17 November 2015

When Maps Came to Oz

The Oz stories that L. Frank Baum wrote up through 1914 shaped the maps that he and his publishing team included in that year’s novel, Tik-Tok of Oz. That stands to reason.

Less obviously, those maps shaped the Oz stories that Baum told afterward. None of the Oz novels up through Tik-Tok mentioned maps at all. (In the Little Wizard Stories collection, “Jack Pumpkinhead and the Sawhorse” describes Ozma drawing an impromptu map for Jack to follow to save two lost children.)

In contrast, every Oz novel that followed Tik-Tok included some mention of a map, often an “in-universe” map known to the people of Oz themselves.

The Scarecrow of Oz:
“I’ve been to the Land of Oz before,” said Button-Bright, “but I’ve never been here.”

“Did you ever hear of Jinxland before?” asked Trot.

“No,” said Button-Bright.

“It is on the Map of Oz, though,” asserted the woman, “and it’s a fine country, I assure you. If only," she added, and then paused to look around her with a frightened expression. “If only—” here she stopped again, as if not daring to go on with her speech.
Rinkitink in Oz begins this way:
If you have a map of the Land of Oz handy, you will find that the great Nonestic Ocean washes the shores of the Kingdom of Rinkitink, between which and the Land of Oz lies a strip of the country of the Nome King and a Sandy Desert.
The Lost Princess of Oz doesn’t include the word “map,” but there are extended passages about Oz geography, and Baum sketched a map to appear in the book, as David Maxine discussed at Hungry Tiger Talk.

The Tin Woodman of Oz:
“I have a map of Oz in my pocket,” persisted the boy, “and it shows that the Winkie Country, where we now are, is at the west of Oz, and the Munchkin Country at the east, while directly between them lies the Emerald City.”
The Magic of Oz:
In the central western part of the Gillikin Country is a great tangle of trees called Gugu Forest. It is the biggest forest in all Oz and stretches miles and miles in every direction—north, south, east and west. Adjoining it on the east side is a range of rugged mountains covered with underbrush and small twisted trees. You can find this place by looking at the Map of the Land of Oz.
Glinda of Oz:
“This is funny!” she exclaimed. “Did you know, Ozma, that there were people in your Land of Oz called Skeezers?”
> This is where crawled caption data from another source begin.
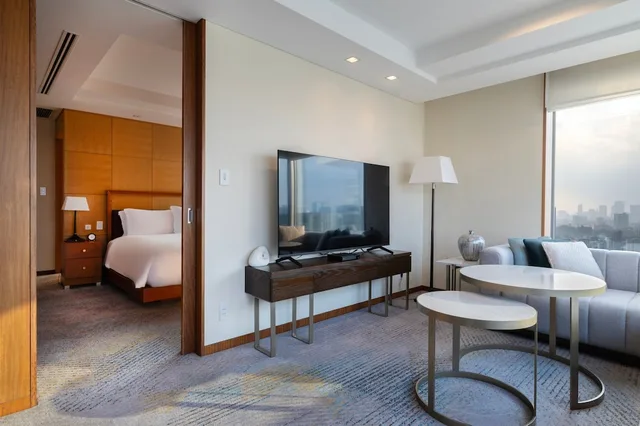 1 Bedroom, Suite, King Bed, Dining Area, Top Floor، The Strings by InterContinental Tokyo 5/10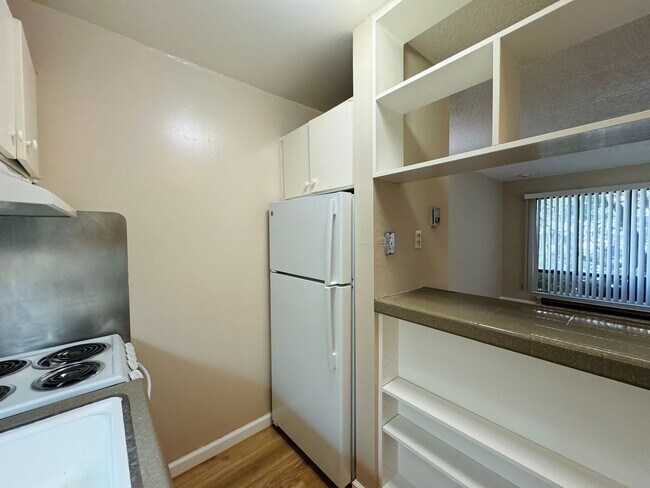 Foto del edificio - $500 OFF FIRST MONTH RENT!!! Cozy Studio Condo Available in Emeryville in Watergate Complex!!!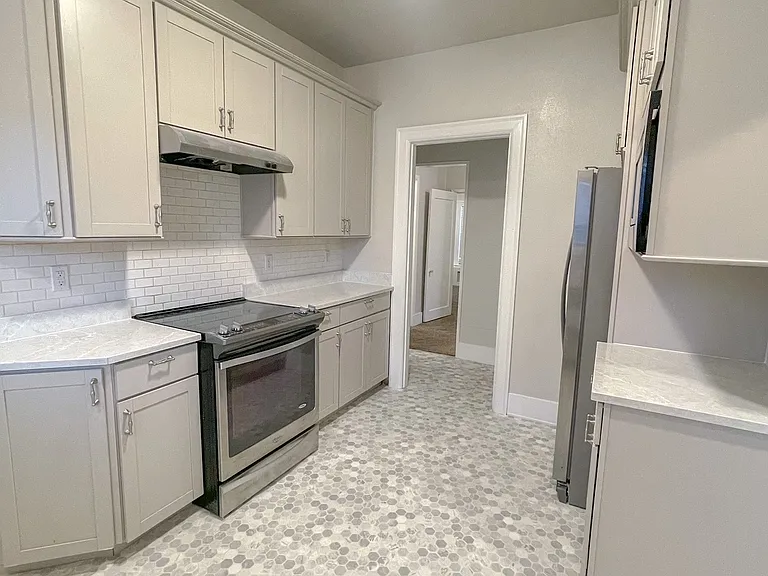 709 N I St #11 — Photo 8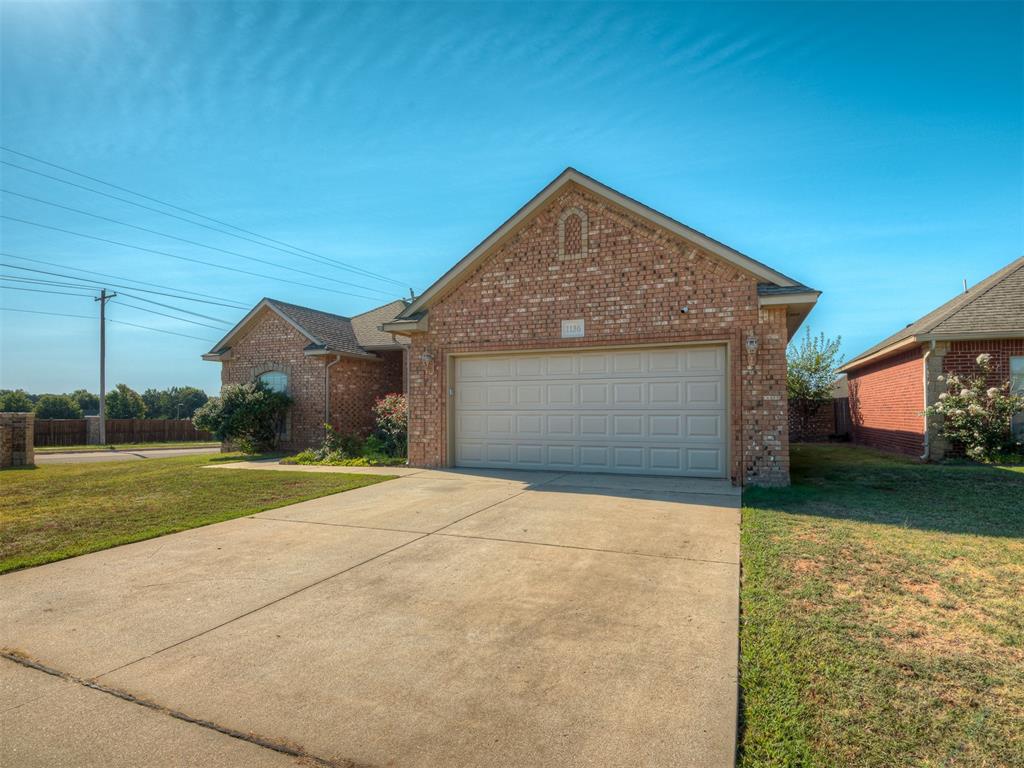 1136 Glen Eagles Court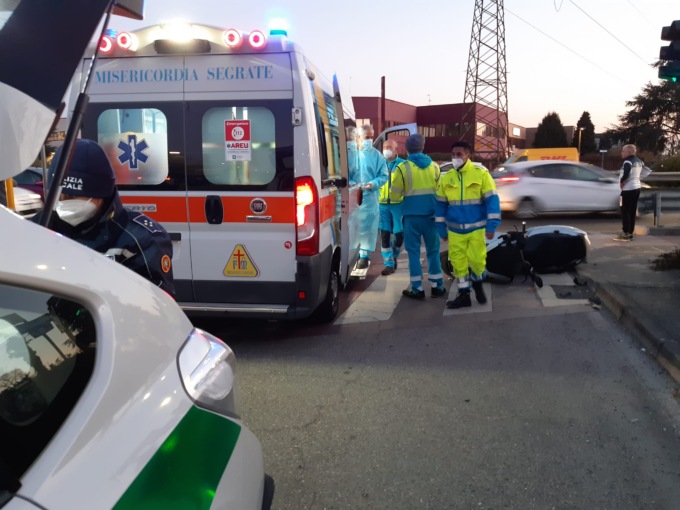 Scontro auto scooter, traffico paralizzato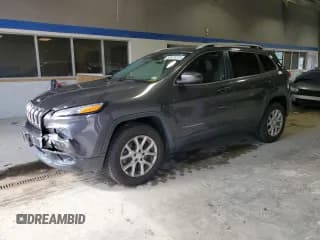 ✅ 2016 Jeep Cherokee Latitude • VIN: 1C4PJMCB8GW145875 • Лот: 90926275. Опубликован ранее на Copart с пробегом 91 179 миль. Бесплатный доступ к архиву аукционных продаж из США и подробный отчёт об истории автомобиля на DreamBid. Изображение 1.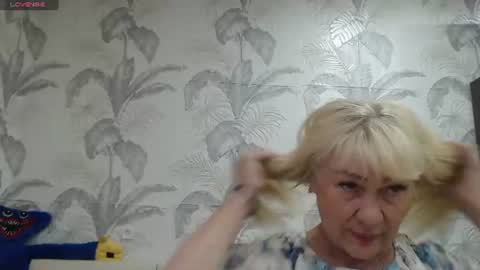 Snapshot of camdiva1 chatting on June 26, 2:38 am CamDiva1 online show from June 26, 2:38 am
“Yes,” replied Ozma, coming to her side, “I know that on Professor Wogglebug’s Map of the Land of Oz there is a place marked ‘Skeezer,’ but what the Skeezers are like I do not know. No one I know has ever seen them or heard of them. The Skeezer Country is ’way at the upper edge of the Gillikin Country, with the sandy, impassable desert on one side and the mountains of Oogaboo on another side. That is a part of the Land of Oz of which I know very little.”
The Tik-Tok maps are, after all, credited to Prof. Wogglebug.